"Nachkommen"
Roman
2014, S. Fischer Verlag GmbH Frankfurt
328 Seiten
ISBN 978-3-10-074445-6
Die junge große gutaussehende Nelia Fehn hat ein Buch geschrieben. Am ersten Tag der Frankfurter Buchmesse wird in Großvater in Österreich begraben, bevor sie nach Frankfurt abfliegt. Bei der Buchmesse gewinnt sie den begehrten Buchpreis leider nicht - sie hätte das Geld für die Operation ihres griechischen Freundes gebraucht. Sie lernt ihren biologischen Vater kennen, wird am Verlagsmarkt präsentiert, absolviert zwei Interviews und merkt wie wenig sie in das Bücherbusiness hineinpaßt. Erschwerend kommt dazu, daß ihre Mutter mit dem Literaturbetrieb gut umgehen konnte, und etabliert war; sie wird immer mit ihrer Mutter, die gestorben war als Nelia 16 war, verglichen.
Der
Roman ist aus Sicht der jungen Frau / der Autorin geschildert.

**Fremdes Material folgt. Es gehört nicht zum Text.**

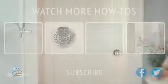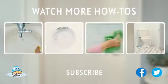We have your back in the bathroom. Check out our other videos and subscribe to our channel for more helpful cleaning tips and ideas.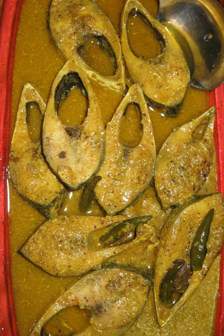The main ingredients are hilsa, white mustard, mustard, mustard oil, green chili, black cumin, turmeric powder, red chili powder and salt. Lime juice and coriander leaves may also be added for flavor.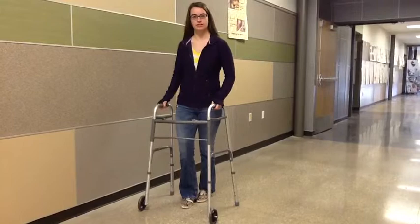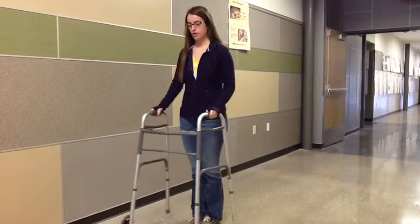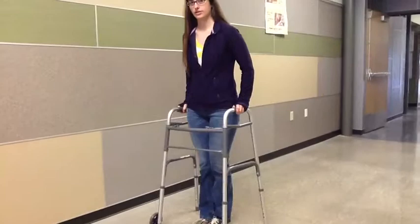When using a walker, you have to make sure it fits right. To know whether it's big enough for you, it must line up with the crease of your wrist. To walk with it, you want to bring the walker out in front of you without bending or leaning on it. Then you take a step in, and then another step in. You never want to cross this threshold.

Ihre Handlungen
und Gedanken und Eindrücke werden beschrieben. Bei ihren Gedanken handelt es
sich oft um nicht um ganze Gedankengänge, sondern oft um Gedankenfetzten,
einzelne Worte, Assoziationen. Manches dreht sich im Kreis und droht sich tot
zu laufen, manche Gedankenstränge machen sich quasi selbstständig und es
entstehen teilweise skurrile Ideen und Wortschöpfungen.
Es
geht unter die Haut wenn sie beschreibt, daß sie als spät gekommenes Kind ihrer
Mutter von fast allen ihrer Familie abgelehnt wurde. Nur eine Freundin und
deren Freund in Griechenland schaffen es nach der Mutter Tod eine Art Heimat zu
geben. Nur der Großvater war für sie eine positive Gestalt innerhalb der
Familie, der sie in ihrer offenbar Andersheit akzeptiert hat. (Das anders sein
waren die illegitime Geburt und daß sie ihrem Vater ähnlich sieht).Das Thema Banken und Griechenland wird durch die Bankenhochbauten in Frankfurt – es werden keine Menschen geschildert – und ihren Freund Marios an dessen Existenz die Bankenentscheidungen gehen geschildert.
Skurril
lesen sich Beobachtungen wie über den elektronischen Kartenschlitz im Hotel für
eine Nacht, die senffarbene Wand in der Hotelabsteige für die Folgenächte, die vielen
schwarzen Suvs und das Fehlen roter Autos auf den Straßen.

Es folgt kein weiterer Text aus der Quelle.